(DATASET SECTION)

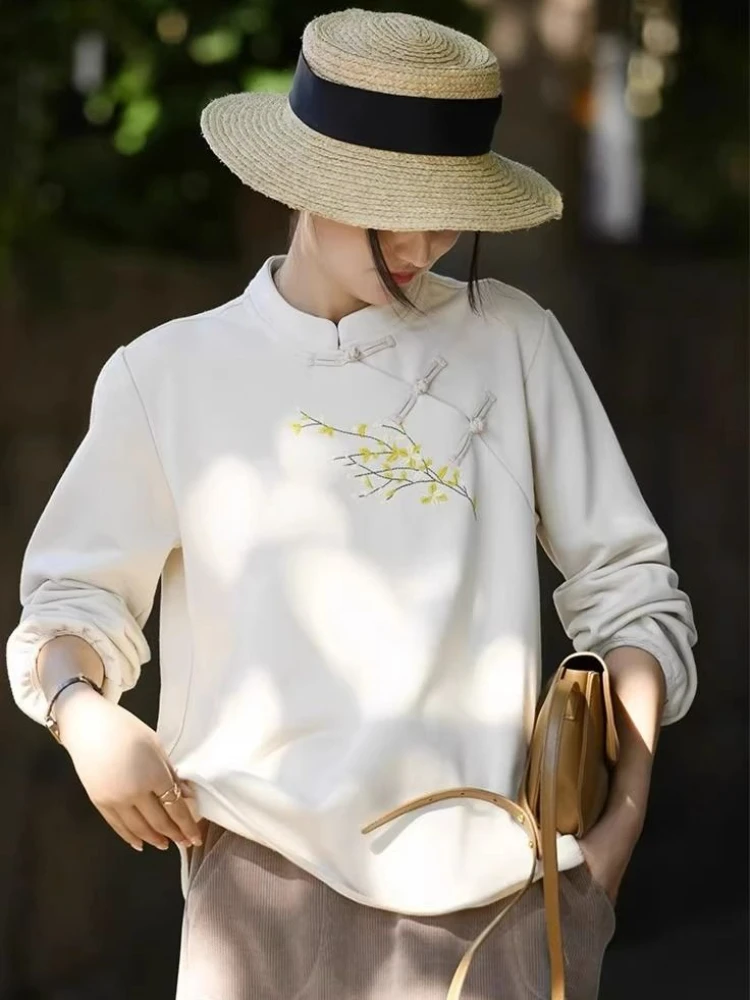 Chinese Style Embroidery Sweatshirts Women Vintage Button Elegant for Ladies Classic Stand Collar Tops Stylish Autumn Winter New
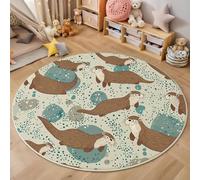 HASLEFND Tapis pour Enfant Rond 160cm - Tapis Doux et Douillet - pour Salon - Tapi pour Filles - Chambre à Coucher - Chambre d'enfant - Tapi Fin - Animaux de Dessin animé Escargot d'eau nageant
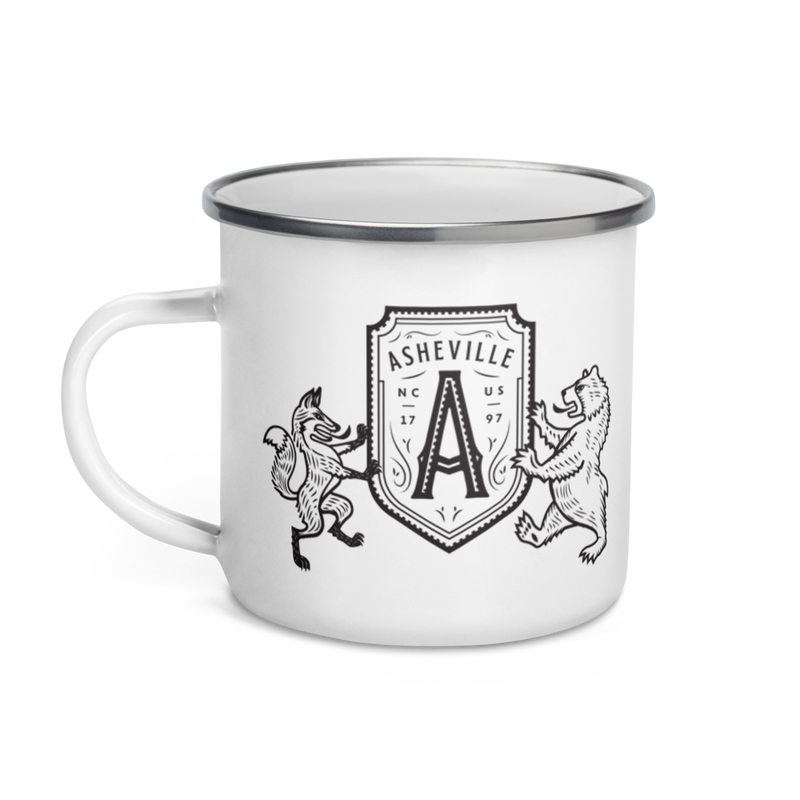 white ceramic coffee mug with heraldic seal of bear and fox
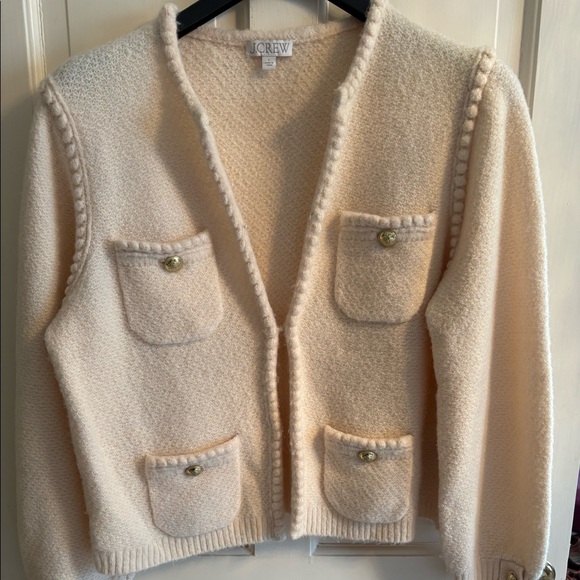 J Crew Ivory Lady Jacket Sweater - Size L - Picture 3 of 3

(End DATASET SECTION)

TASK DETAILS ->
Please copy out the whole listing exactly as it stands, minus the pictures.

ANSWER TO THE PROBLEM ->
 Chinese Style Embroidery Sweatshirts Women Vintage Button Elegant for Ladies Classic Stand Collar Tops Stylish Autumn Winter New
 HASLEFND Tapis pour Enfant Rond 160cm - Tapis Doux et Douillet - pour Salon - Tapi pour Filles - Chambre à Coucher - Chambre d'enfant - Tapi Fin - Animaux de Dessin animé Escargot d'eau nageant
 white ceramic coffee mug with heraldic seal of bear and fox
 J Crew Ivory Lady Jacket Sweater - Size L - Picture 3 of 3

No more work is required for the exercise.